Por Ilka Oliva Corado*
Cheguei aos “campos do lago”, assim são chamados os campos de futebol que estão em frente à praia da Rua Montrose, e minha grande surpresa foi ver times mistos de meninas e meninos; não pude conter o pranto pela emoção, aquele instante para mim foi catártico. Na minha infância, tinha crescido brigando com moleques, desafiando-os com socos para lutar por meu lugar no campo.
Diziam-me que o futebol não era coisa de meninas, que fosse brincar com bonecas e lavar pratos. Eu em resposta os desafiava e dizia que iam ver que eu não estava brincando; o primeiro que falasse veria o sangue pingar. Foi assim que me tornei especialista em brigas de rua: um soco direto no nariz e voavam os pingos de sangue, o que me assegurava o lugar no time. Dentro do jogo, a coisa era outra, rasteiras a toda hora; ignorada, ninguém queria me passar a bola, ninguém confiava que uma menina pudesse marcar um gol. Fui cavando meu lugar à custa de boladas e pontapés. A vingança eram as técnicas de paredão, até que já não fiquei em último lugar e não puderam “fuzilar-me” com boladas.
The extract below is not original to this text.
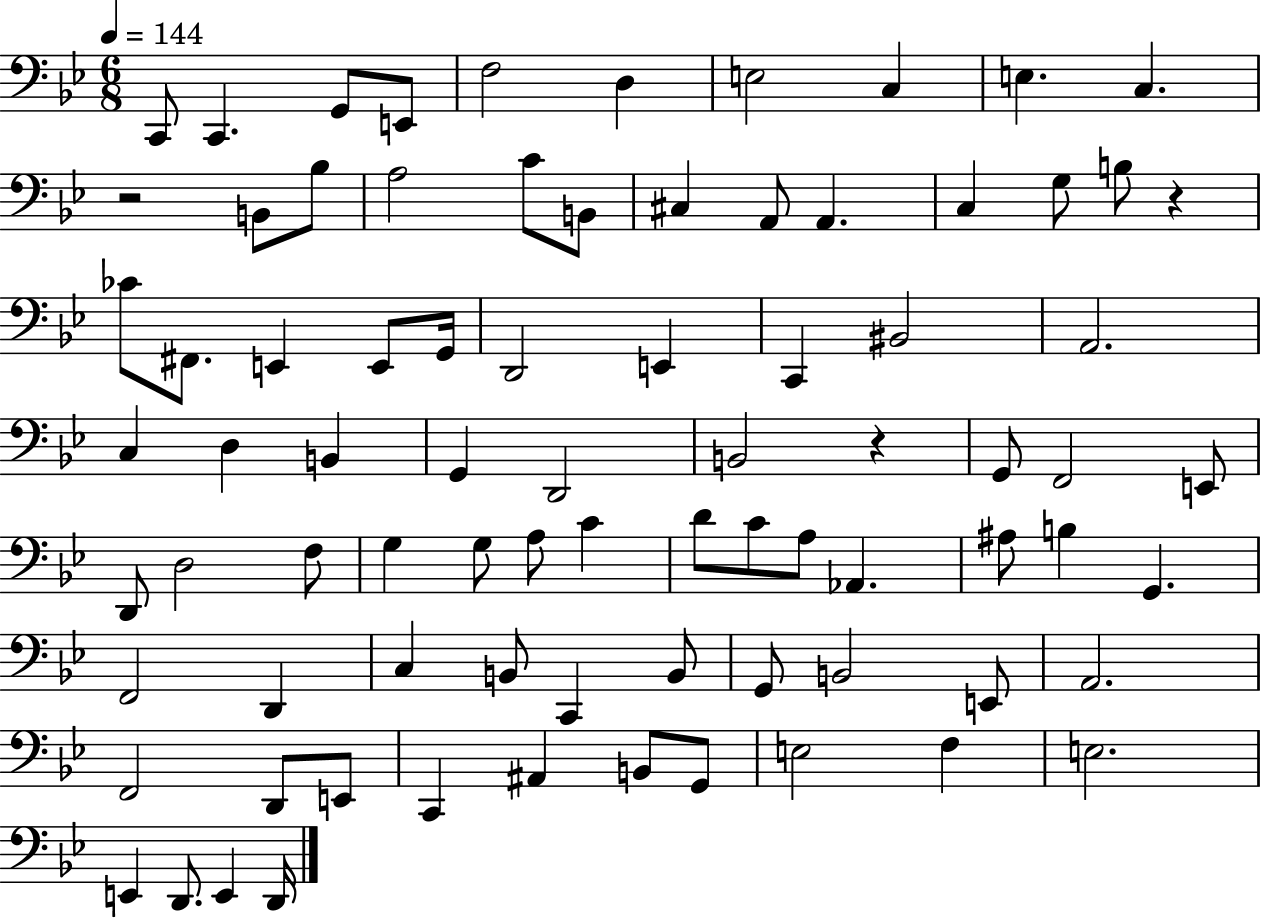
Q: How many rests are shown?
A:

Eu apanhava em dobro, porque já sabia da surra que minha mãe daria porque eu pulava a cerca e ia jogar futebol com os moleques, além dos encontrões para ganhar o posto na partida. Mas todo o sacrifício valeu a pena e muito mais a alegria, porque o futebol se converteu na minha paixão. Então, ao terminar o jogo, saía com o sangue quente pelas brigas e ia pra casa, para receber a surra de todos os dias, porque todos os dias, fosse como fosse, eu saía para jogar futebol.
Nesse dia de abril, eu chorei de alegria, com o pranto acumulado de toda uma vida que não pude conter, porque essas meninas não tinham que brigar para jogar futebol e, além do mais, em equipes mistas, coisa que eu nunca havia visto na Guatemala.
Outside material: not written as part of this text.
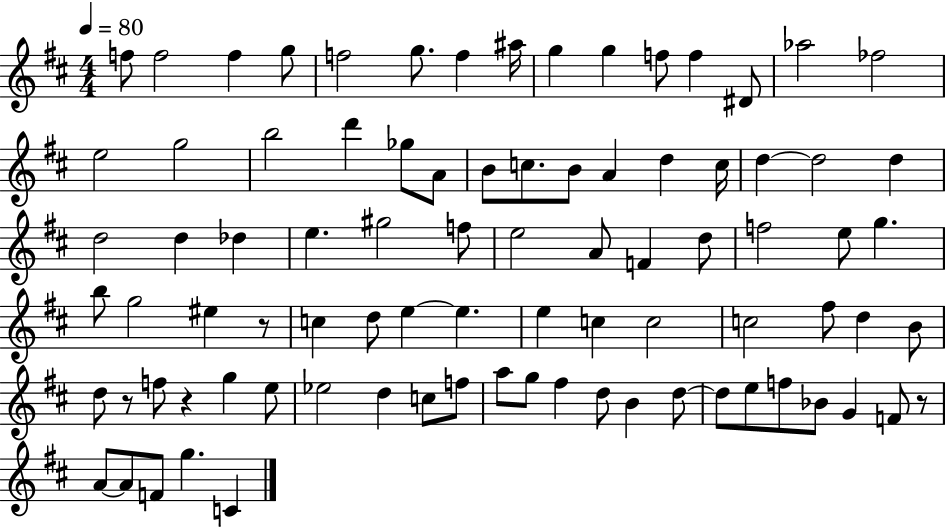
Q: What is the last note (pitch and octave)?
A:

Uma parte de mim sentiu-se realizada. Depois de 15 anos vivendo nos Estados Unidos ainda não me acostumei: cada vez que vejo jogos mistos sinto a mesma emoção daquele primeiro dia e fico com os olhos cheios d’água, e lhes grito emocionada: passa a bola! Abra o jogo! Pare! Chute agora! E grito como louca em qualquer gol, como se fosse eu mesma que tivesse feito. É uma emoção indescritível ver meninas jogando futebol e muito mais quando os times são mistos e demonstram que elas de sexo débil não têm nada, porque dão fintas, amortizam, conduzem e anotam com a habilidade, a excelência, a magia e o estilo que não tem nada a ver com o gênero.
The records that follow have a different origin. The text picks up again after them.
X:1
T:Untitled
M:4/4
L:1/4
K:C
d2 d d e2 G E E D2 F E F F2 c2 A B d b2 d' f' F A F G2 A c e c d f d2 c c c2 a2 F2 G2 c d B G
Como árbitra, tampouco o caminho foi fácil. Creio que sofri muito mais que como jogadora, porque ser autoridade e fazer valer o regulamento em um jogo de homens era desafiar o machismo e os estereótipos. E a única forma de demonstrar minha capacidade era agindo de acordo com a lei e, para isso, tinha que saber o regulamento de ponta a ponta e, além disso, entender o jogo e marcar uma falta no instante preciso. Ser árbitro não é qualquer coisa, é preciso saber aplicar o regulamento. Jamais vão perdoar a um árbitro uma falta mal marcada e um cartão que não foi dado a tempo.
No dia 10 de março, sábado, mais sonolenta que acordada, depois de ver um filme, mudei de canal e na Univision estavam passando um jogo da Liga Mexicana: América contra León. Eu não vejo futebol televisionado, mas chamou minha atenção escutar que quem narrava o jogo era uma mulher; no primeiro instante não acreditei, fiquei escutando, porque sei que há mulheres que participam como comentaristas, mas jamais como narradoras. Para narrar futebol é preciso ter uma habilidade de poucos e uma paixão inconfundível. Para narrar um jogo há que viver em tempo real, como vivem os jogadores em campo.
Fiquei escutando enquanto no coração começava a acelerar as palpitações. Está narrando? Perguntei-me. Uma mulher está narrando o jogo? Tornei a me perguntar, emocionada. Tão emocionada como quando vi naquele abril as meninas jogando em times mistos e como quando vi uma mulher receber as Olimpíadas da Grécia, cem anos depois que saíram daquele lugar, quando sabemos que no seu início as mulheres não podiam participar nem como espectadoras e muito menos nas disciplinas esportivas.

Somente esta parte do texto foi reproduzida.